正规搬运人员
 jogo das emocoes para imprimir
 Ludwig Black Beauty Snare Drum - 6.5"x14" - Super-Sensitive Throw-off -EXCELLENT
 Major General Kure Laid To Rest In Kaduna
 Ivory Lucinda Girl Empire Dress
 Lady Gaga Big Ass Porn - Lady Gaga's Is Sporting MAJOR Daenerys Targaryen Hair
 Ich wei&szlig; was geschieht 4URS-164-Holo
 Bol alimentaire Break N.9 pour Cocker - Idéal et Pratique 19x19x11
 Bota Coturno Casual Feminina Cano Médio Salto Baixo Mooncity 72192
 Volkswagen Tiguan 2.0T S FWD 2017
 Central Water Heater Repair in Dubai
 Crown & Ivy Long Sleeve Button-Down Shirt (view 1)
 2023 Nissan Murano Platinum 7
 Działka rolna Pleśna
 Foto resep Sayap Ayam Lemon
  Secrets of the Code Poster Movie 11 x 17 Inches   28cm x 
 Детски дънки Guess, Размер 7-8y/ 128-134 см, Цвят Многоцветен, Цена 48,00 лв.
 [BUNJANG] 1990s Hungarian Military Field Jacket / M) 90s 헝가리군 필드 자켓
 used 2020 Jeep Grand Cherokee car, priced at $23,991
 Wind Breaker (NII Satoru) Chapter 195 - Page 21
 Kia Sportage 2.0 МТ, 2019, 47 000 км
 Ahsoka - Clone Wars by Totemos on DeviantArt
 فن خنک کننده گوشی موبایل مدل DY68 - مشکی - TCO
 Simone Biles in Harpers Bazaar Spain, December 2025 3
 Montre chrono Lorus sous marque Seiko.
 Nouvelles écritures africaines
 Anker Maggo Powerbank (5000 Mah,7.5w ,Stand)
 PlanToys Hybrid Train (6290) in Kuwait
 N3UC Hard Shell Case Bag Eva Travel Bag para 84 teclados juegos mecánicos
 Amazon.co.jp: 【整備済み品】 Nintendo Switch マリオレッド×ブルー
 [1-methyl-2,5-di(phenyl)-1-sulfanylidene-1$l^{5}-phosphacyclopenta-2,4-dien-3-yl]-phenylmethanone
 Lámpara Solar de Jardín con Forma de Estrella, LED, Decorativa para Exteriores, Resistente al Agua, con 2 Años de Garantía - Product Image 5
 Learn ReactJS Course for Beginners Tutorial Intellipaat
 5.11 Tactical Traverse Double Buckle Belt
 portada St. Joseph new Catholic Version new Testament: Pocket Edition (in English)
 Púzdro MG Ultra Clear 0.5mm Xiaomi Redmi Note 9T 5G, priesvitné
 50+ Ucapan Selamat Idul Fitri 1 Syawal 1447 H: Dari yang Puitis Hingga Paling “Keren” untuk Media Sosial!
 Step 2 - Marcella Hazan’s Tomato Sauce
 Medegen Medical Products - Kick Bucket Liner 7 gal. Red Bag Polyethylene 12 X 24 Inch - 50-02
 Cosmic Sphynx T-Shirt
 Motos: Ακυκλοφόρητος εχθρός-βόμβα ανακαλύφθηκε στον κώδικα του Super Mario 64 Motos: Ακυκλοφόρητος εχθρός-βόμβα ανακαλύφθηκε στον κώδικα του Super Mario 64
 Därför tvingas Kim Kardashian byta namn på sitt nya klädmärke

#### [TASK DETAILS]
Everything in the material above from the line that has "Kia Sportage 2.0 МТ, 2019, 47 000 км" through the line that has "Cosmic Sphynx T-Shirt" must be duplicated exactly, with no other lines given.

#### [SOLUTION]
 Kia Sportage 2.0 МТ, 2019, 47 000 км
 Ahsoka - Clone Wars by Totemos on DeviantArt
 فن خنک کننده گوشی موبایل مدل DY68 - مشکی - TCO
 Simone Biles in Harpers Bazaar Spain, December 2025 3
 Montre chrono Lorus sous marque Seiko.
 Nouvelles écritures africaines
 Anker Maggo Powerbank (5000 Mah,7.5w ,Stand)
 PlanToys Hybrid Train (6290) in Kuwait
 N3UC Hard Shell Case Bag Eva Travel Bag para 84 teclados juegos mecánicos
 Amazon.co.jp: 【整備済み品】 Nintendo Switch マリオレッド×ブルー
 [1-methyl-2,5-di(phenyl)-1-sulfanylidene-1$l^{5}-phosphacyclopenta-2,4-dien-3-yl]-phenylmethanone
 Lámpara Solar de Jardín con Forma de Estrella, LED, Decorativa para Exteriores, Resistente al Agua, con 2 Años de Garantía - Product Image 5
 Learn ReactJS Course for Beginners Tutorial Intellipaat
 5.11 Tactical Traverse Double Buckle Belt
 portada St. Joseph new Catholic Version new Testament: Pocket Edition (in English)
 Púzdro MG Ultra Clear 0.5mm Xiaomi Redmi Note 9T 5G, priesvitné
 50+ Ucapan Selamat Idul Fitri 1 Syawal 1447 H: Dari yang Puitis Hingga Paling “Keren” untuk Media Sosial!
 Step 2 - Marcella Hazan’s Tomato Sauce
 Medegen Medical Products - Kick Bucket Liner 7 gal. Red Bag Polyethylene 12 X 24 Inch - 50-02
 Cosmic Sphynx T-Shirt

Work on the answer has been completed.